**GIVEN RECORDS**
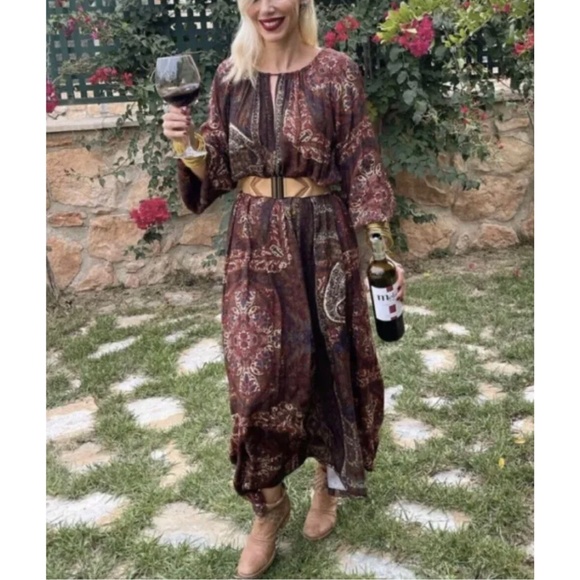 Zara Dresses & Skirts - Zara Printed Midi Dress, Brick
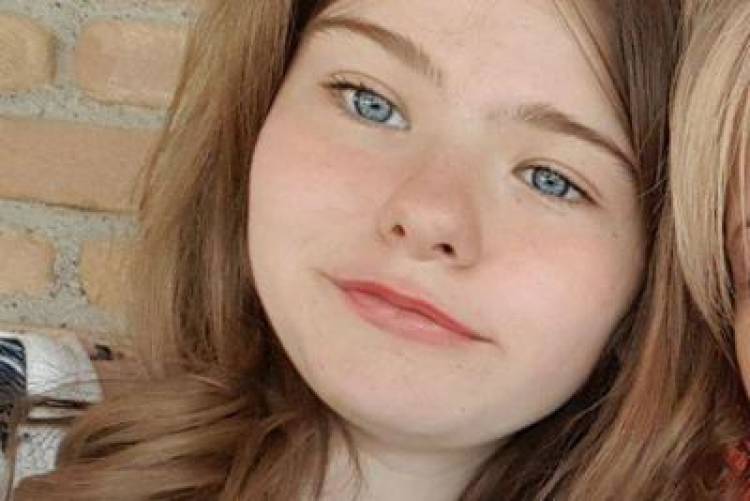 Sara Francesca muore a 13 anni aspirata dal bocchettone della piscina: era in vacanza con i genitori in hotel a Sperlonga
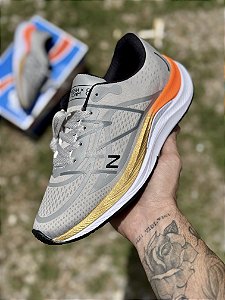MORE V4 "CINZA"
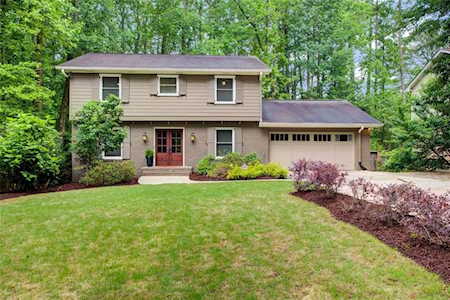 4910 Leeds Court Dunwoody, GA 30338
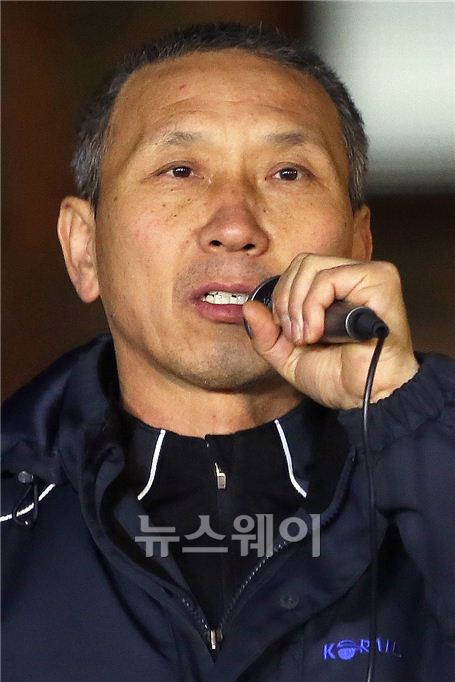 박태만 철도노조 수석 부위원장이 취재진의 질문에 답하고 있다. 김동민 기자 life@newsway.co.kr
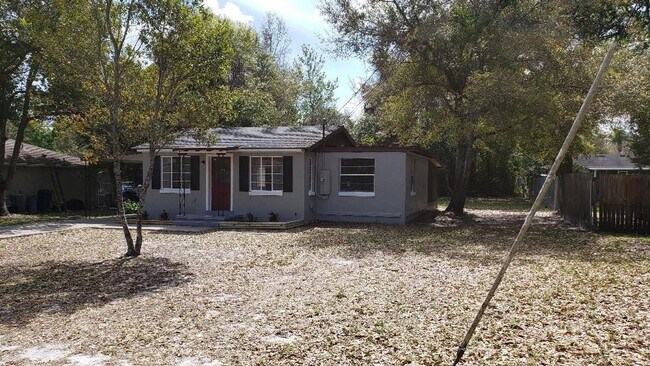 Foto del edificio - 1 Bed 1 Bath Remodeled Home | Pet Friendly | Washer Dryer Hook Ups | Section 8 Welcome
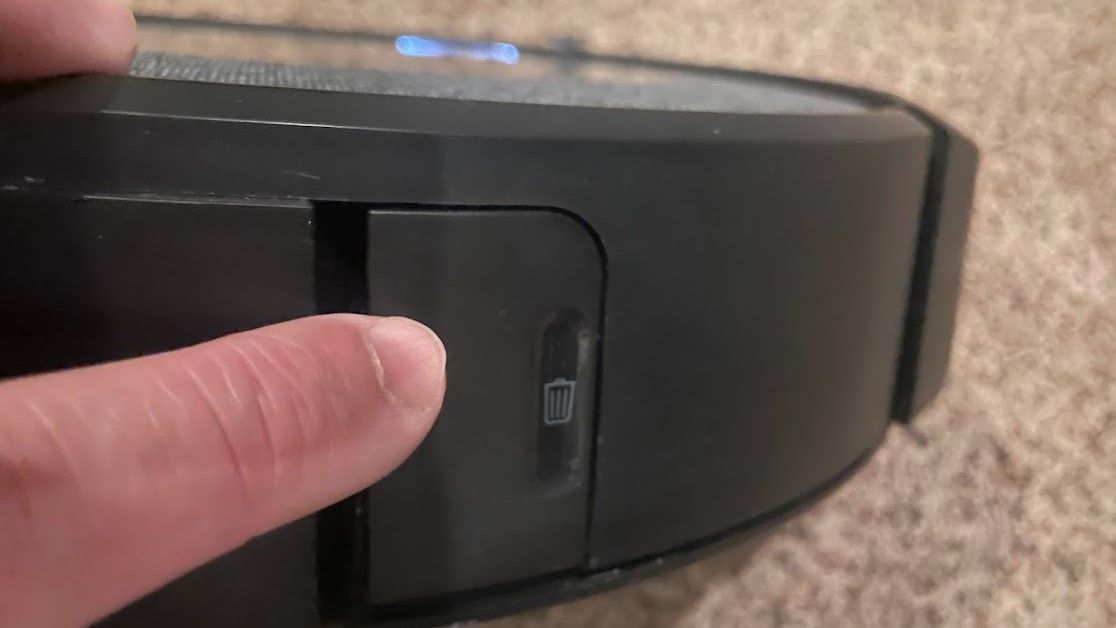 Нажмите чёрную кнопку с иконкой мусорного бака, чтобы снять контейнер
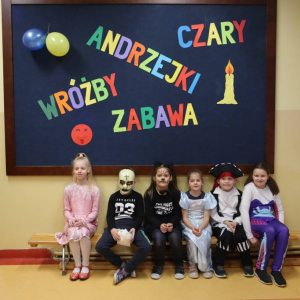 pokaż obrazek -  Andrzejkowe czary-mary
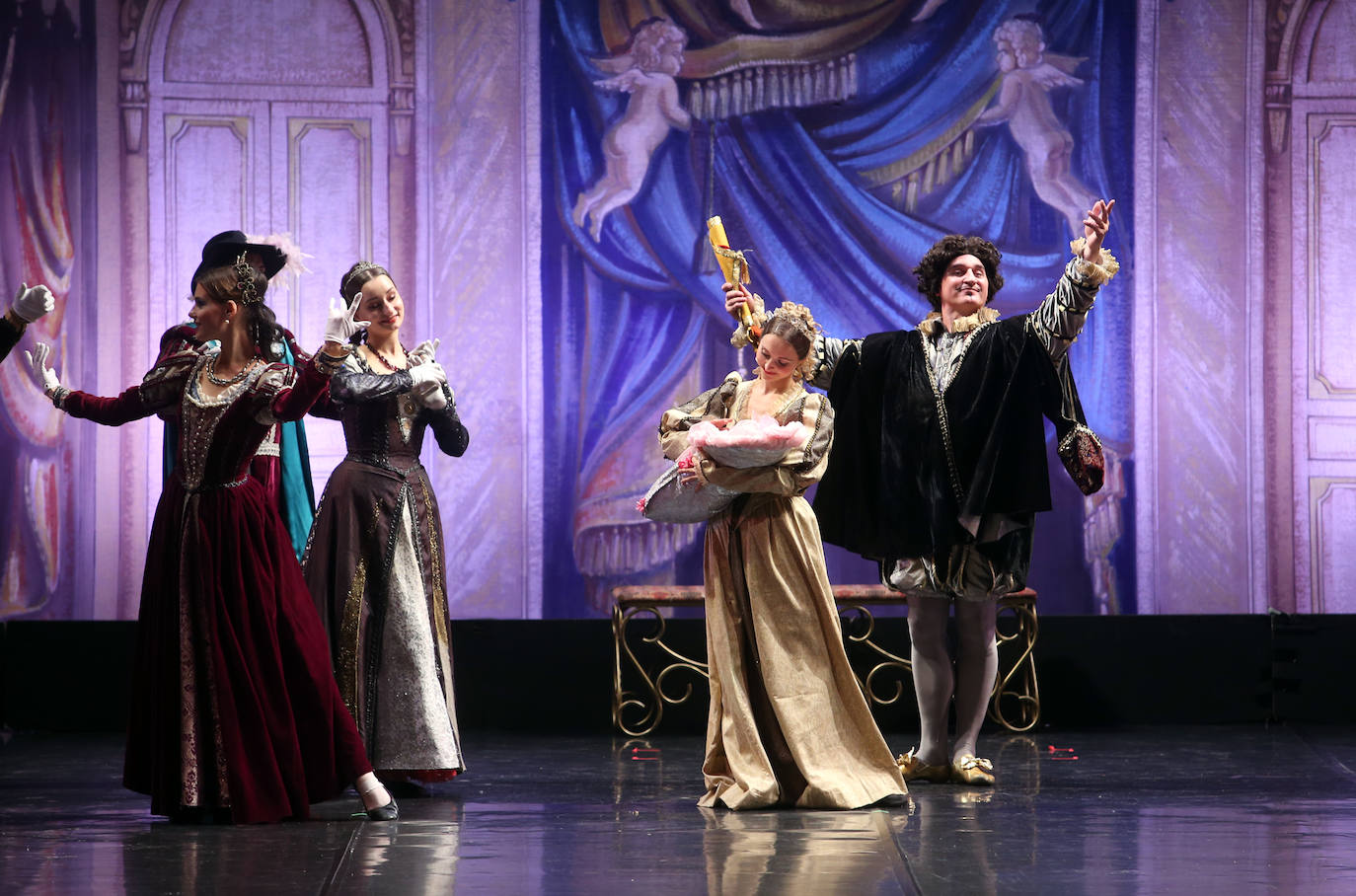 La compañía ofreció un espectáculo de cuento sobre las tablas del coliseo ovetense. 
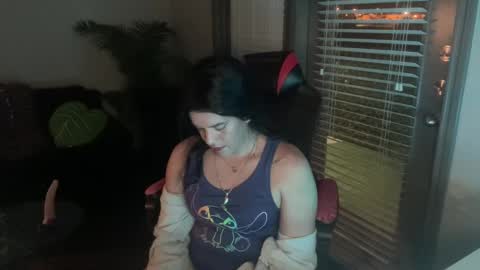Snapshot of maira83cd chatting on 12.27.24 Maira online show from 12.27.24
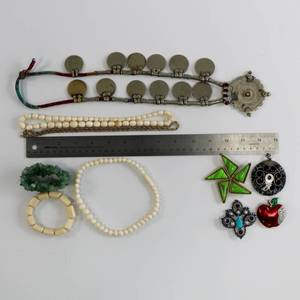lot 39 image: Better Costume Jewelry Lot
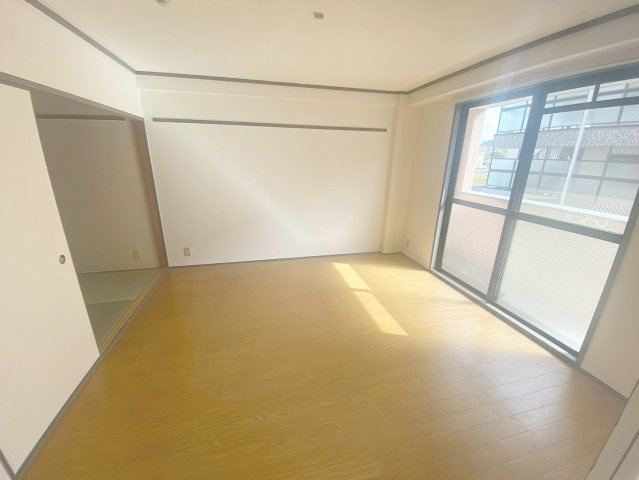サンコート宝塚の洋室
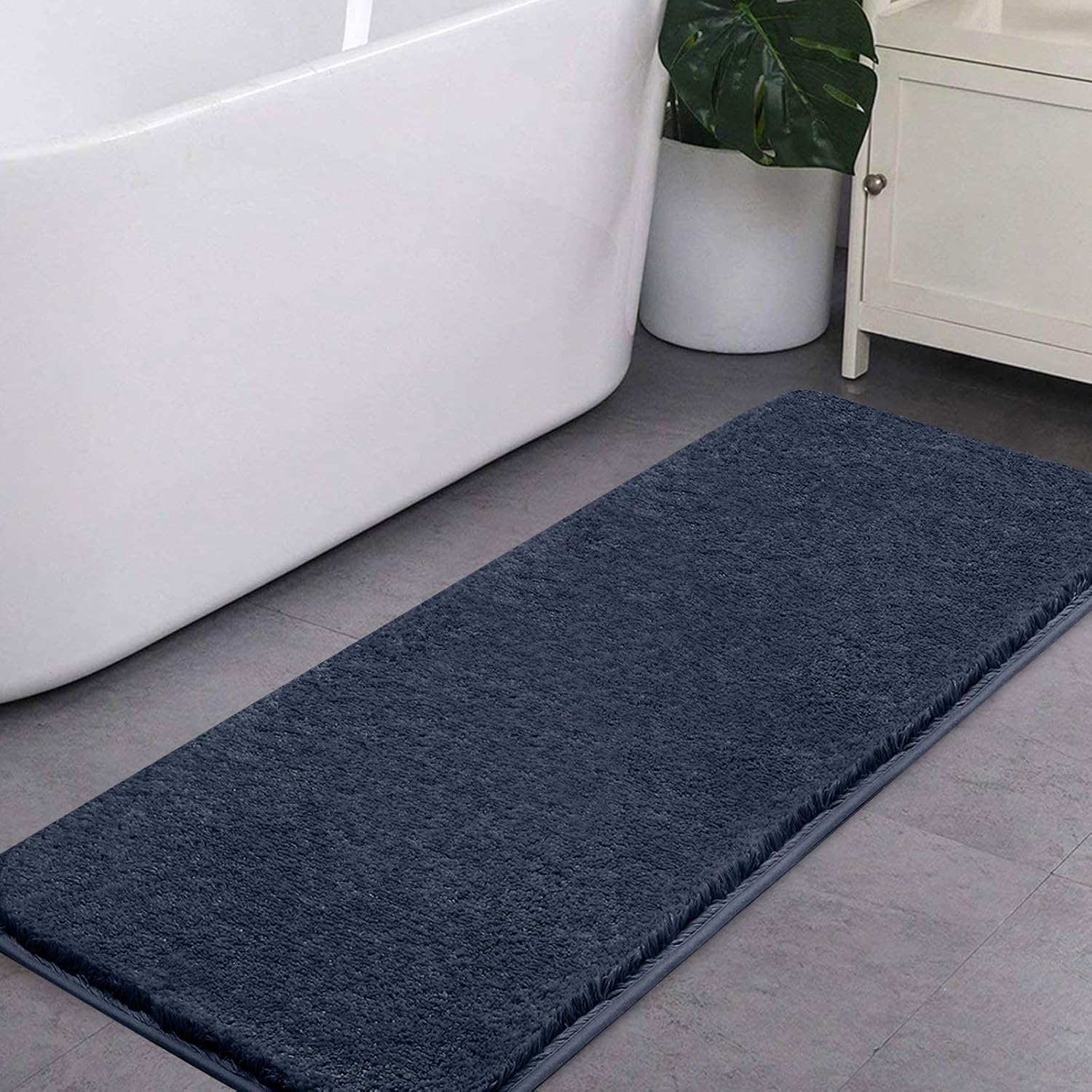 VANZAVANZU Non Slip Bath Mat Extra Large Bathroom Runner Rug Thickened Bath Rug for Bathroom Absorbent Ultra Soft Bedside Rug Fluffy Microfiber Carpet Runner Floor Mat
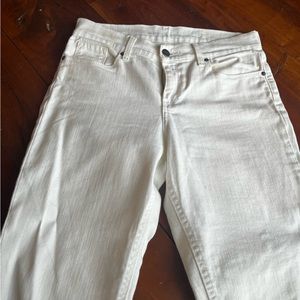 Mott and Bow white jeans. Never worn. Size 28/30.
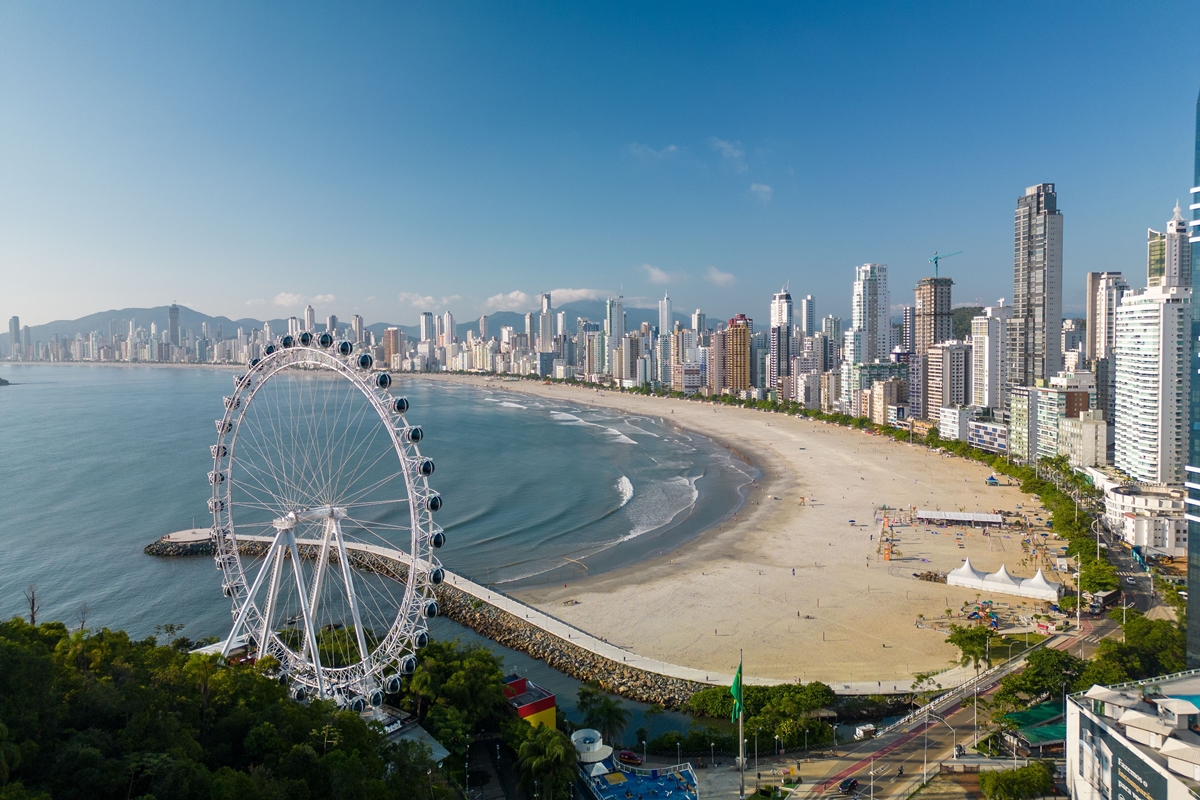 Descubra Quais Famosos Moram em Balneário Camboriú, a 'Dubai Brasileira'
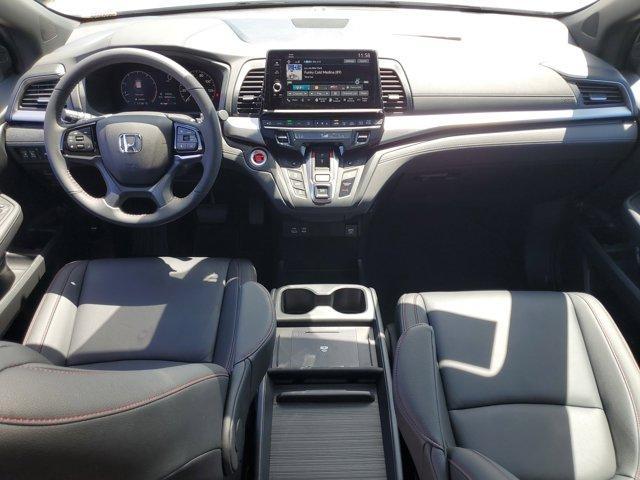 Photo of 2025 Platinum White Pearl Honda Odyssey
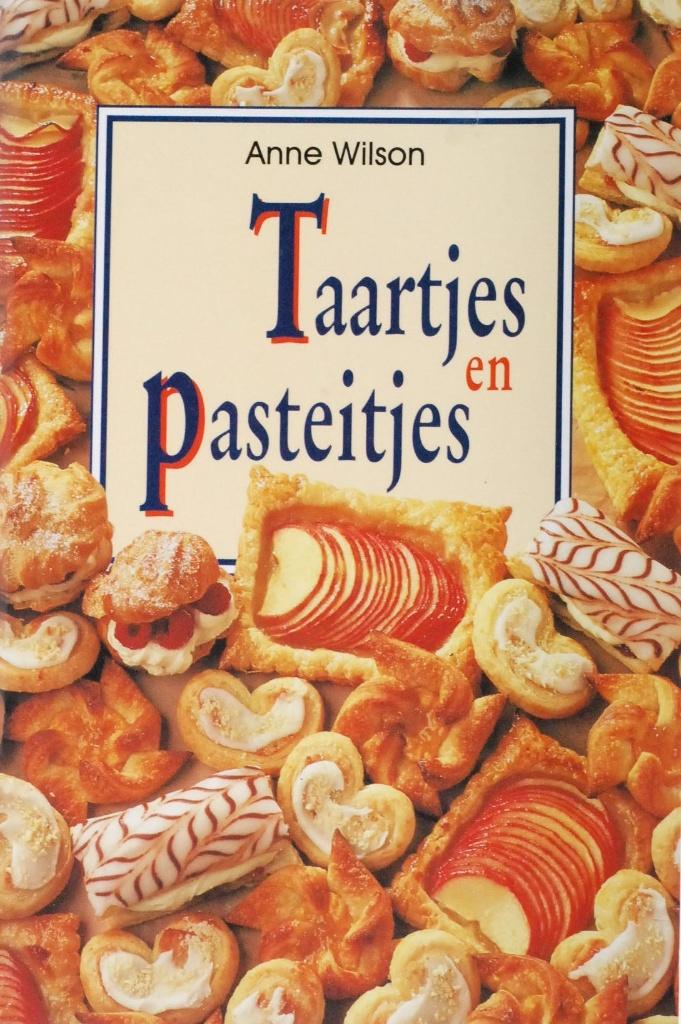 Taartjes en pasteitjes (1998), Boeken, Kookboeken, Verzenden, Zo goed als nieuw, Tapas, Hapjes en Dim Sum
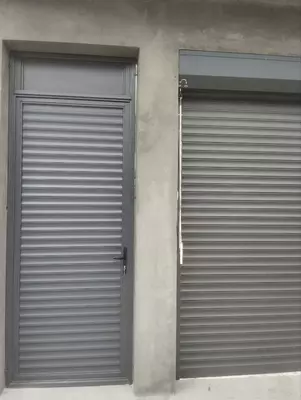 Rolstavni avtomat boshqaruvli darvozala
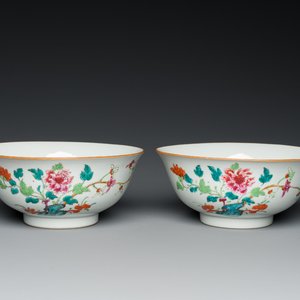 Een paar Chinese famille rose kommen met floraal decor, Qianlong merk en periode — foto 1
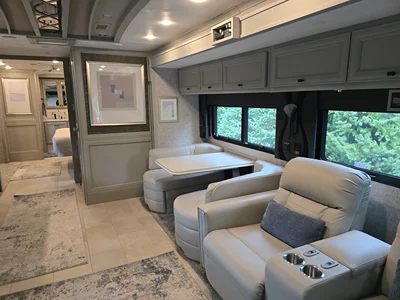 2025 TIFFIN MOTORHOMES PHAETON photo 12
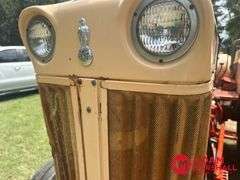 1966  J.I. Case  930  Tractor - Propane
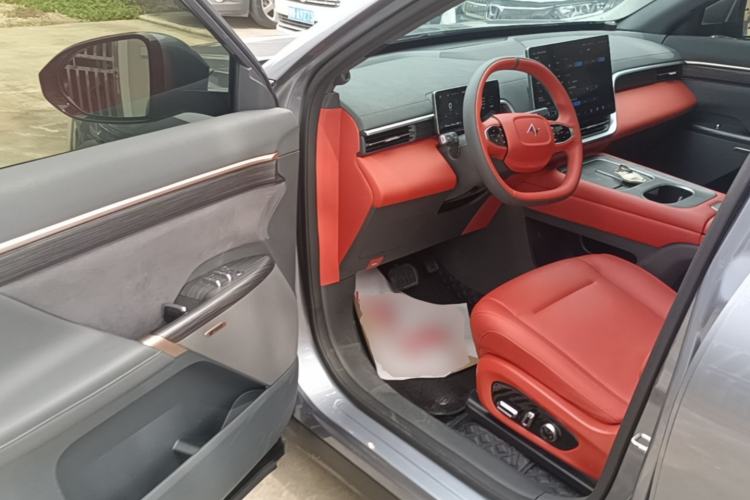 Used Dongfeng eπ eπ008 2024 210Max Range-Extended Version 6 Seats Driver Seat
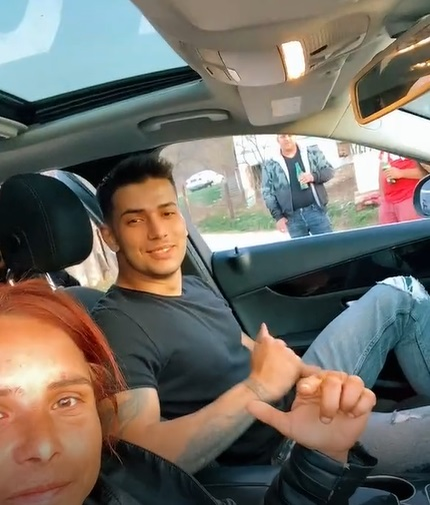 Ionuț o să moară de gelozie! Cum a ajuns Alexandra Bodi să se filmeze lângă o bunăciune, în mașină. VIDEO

**WORK ORDER**
Print all of the material exactly. Omit pictures.

**EXERCISE RESPONSE**
 Zara Dresses & Skirts - Zara Printed Midi Dress, Brick
 Sara Francesca muore a 13 anni aspirata dal bocchettone della piscina: era in vacanza con i genitori in hotel a Sperlonga
MORE V4 "CINZA"
 4910 Leeds Court Dunwoody, GA 30338
 박태만 철도노조 수석 부위원장이 취재진의 질문에 답하고 있다. 김동민 기자 life@newsway.co.kr
 Foto del edificio - 1 Bed 1 Bath Remodeled Home | Pet Friendly | Washer Dryer Hook Ups | Section 8 Welcome
 Нажмите чёрную кнопку с иконкой мусорного бака, чтобы снять контейнер
 pokaż obrazek -  Andrzejkowe czary-mary
 La compañía ofreció un espectáculo de cuento sobre las tablas del coliseo ovetense. 
Snapshot of maira83cd chatting on 12.27.24 Maira online show from 12.27.24
lot 39 image: Better Costume Jewelry Lot
サンコート宝塚の洋室
 VANZAVANZU Non Slip Bath Mat Extra Large Bathroom Runner Rug Thickened Bath Rug for Bathroom Absorbent Ultra Soft Bedside Rug Fluffy Microfiber Carpet Runner Floor Mat
 Mott and Bow white jeans. Never worn. Size 28/30.
 Descubra Quais Famosos Moram em Balneário Camboriú, a 'Dubai Brasileira'
 Photo of 2025 Platinum White Pearl Honda Odyssey
 Taartjes en pasteitjes (1998), Boeken, Kookboeken, Verzenden, Zo goed als nieuw, Tapas, Hapjes en Dim Sum
 Rolstavni avtomat boshqaruvli darvozala
 Een paar Chinese famille rose kommen met floraal decor, Qianlong merk en periode — foto 1
 2025 TIFFIN MOTORHOMES PHAETON photo 12
 1966  J.I. Case  930  Tractor - Propane
 Used Dongfeng eπ eπ008 2024 210Max Range-Extended Version 6 Seats Driver Seat
 Ionuț o să moară de gelozie! Cum a ajuns Alexandra Bodi să se filmeze lângă o bunăciune, în mașină. VIDEO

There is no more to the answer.